One of the things I like most about Washington, DC is that it's a city that attracts people from all over the country. Between the politically-minded who come here to work for their Senators and Congressmen, the students who flock to local universities, and those who are employed by the area's countless non-profits, NGOs and lobbying firms, each and every one of our 50 states are represented. Of course, this diversity can also lead to cross-cultural clashes, with generalizations about people from the north, south, east and west being bandied about at will (ok, so some of those are actually true), but for the most part DC is a place where Americans of all kinds can live, work and play together in harmony.

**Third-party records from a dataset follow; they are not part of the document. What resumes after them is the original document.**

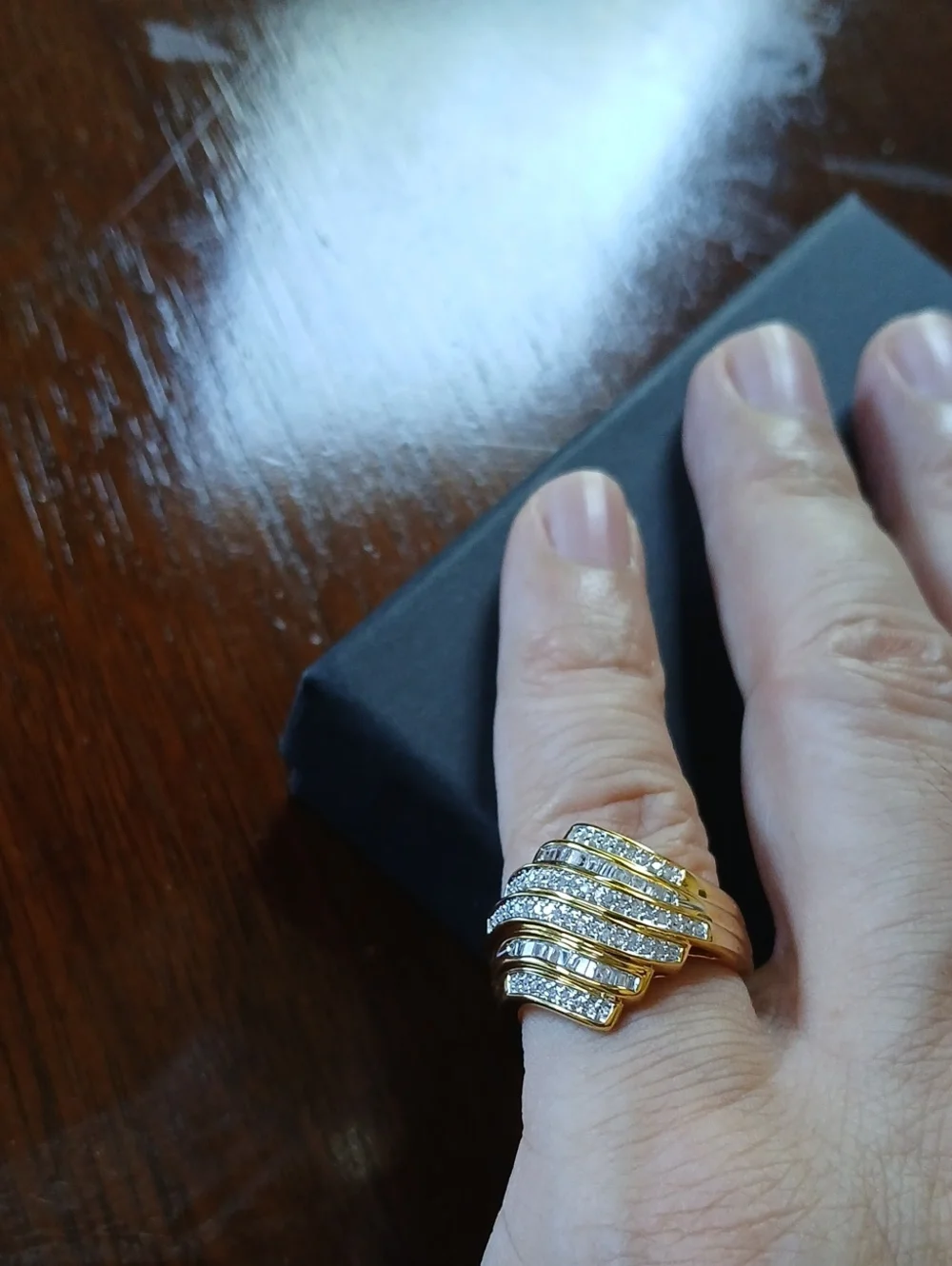 925 Diamond Ring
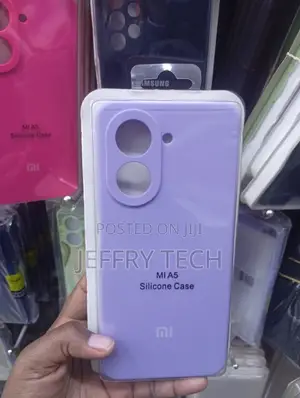 Redmi A5 Shock-Resistant Matte Case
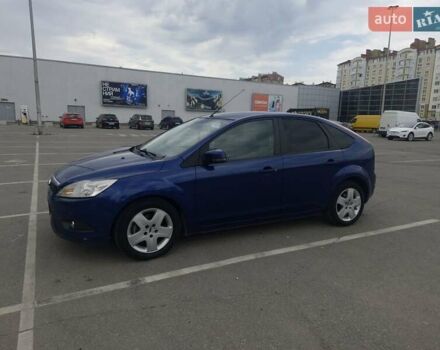 Синій Форд Фокус, об'ємом двигуна 1.6 л та пробігом 307 тис. км за 4700 $, фото 6 на Automoto.ua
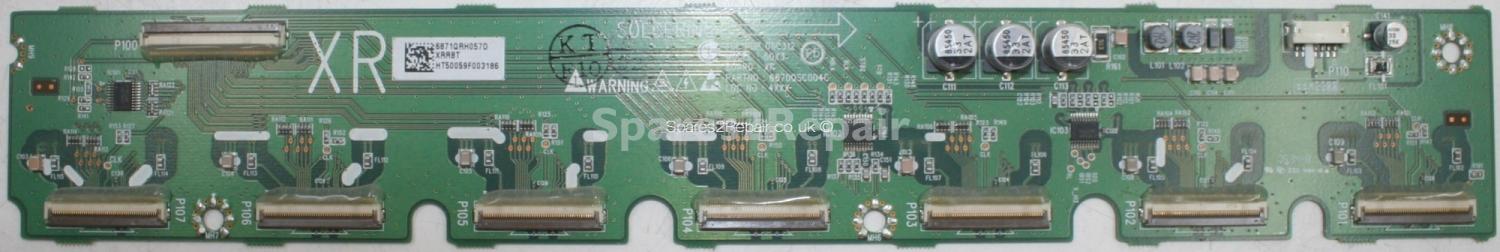 LG 50PX4D - Buffer - 6871QRH057D - 6870QSC004C - 50X3 - XR - 050312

Meeting Americans from all over the United States has opened my eyes to fun facts I would not otherwise have known. In the three years I've been here, I've learned such useful things as the names of regional U.S. grocery store chains, how to correctly pronounce Akron, that people on the east coast say "10 of three" not "10 to three" when giving the time, and that not everyone knows what a fish fry is, what a V.F.W. is, or what pull tabs are. This past weekend I was invited to the birthday cookout of a friend and fellow blogger from Texas. She has been a wealth of information about life in the Lone Star State, but she saved her best tidbit for Sunday afternoon. Ladies and Gentlemen, I give you Dr. Pepper BBQ Sauce.
Don't be surprised if you've never heard of it until just now. Many of us who grew up north of the Mason-Dixon line have not had the pleasure of being able to purchase it in grocery stores. In fact, it's not even sold in DC. My friend had to go all the way to North Carolina to get some. If, by chance, you manage to get your hands on a bottle, say, by ordering it off the Internet, you won't be disappointed. The ribs I ate on Sunday were to die.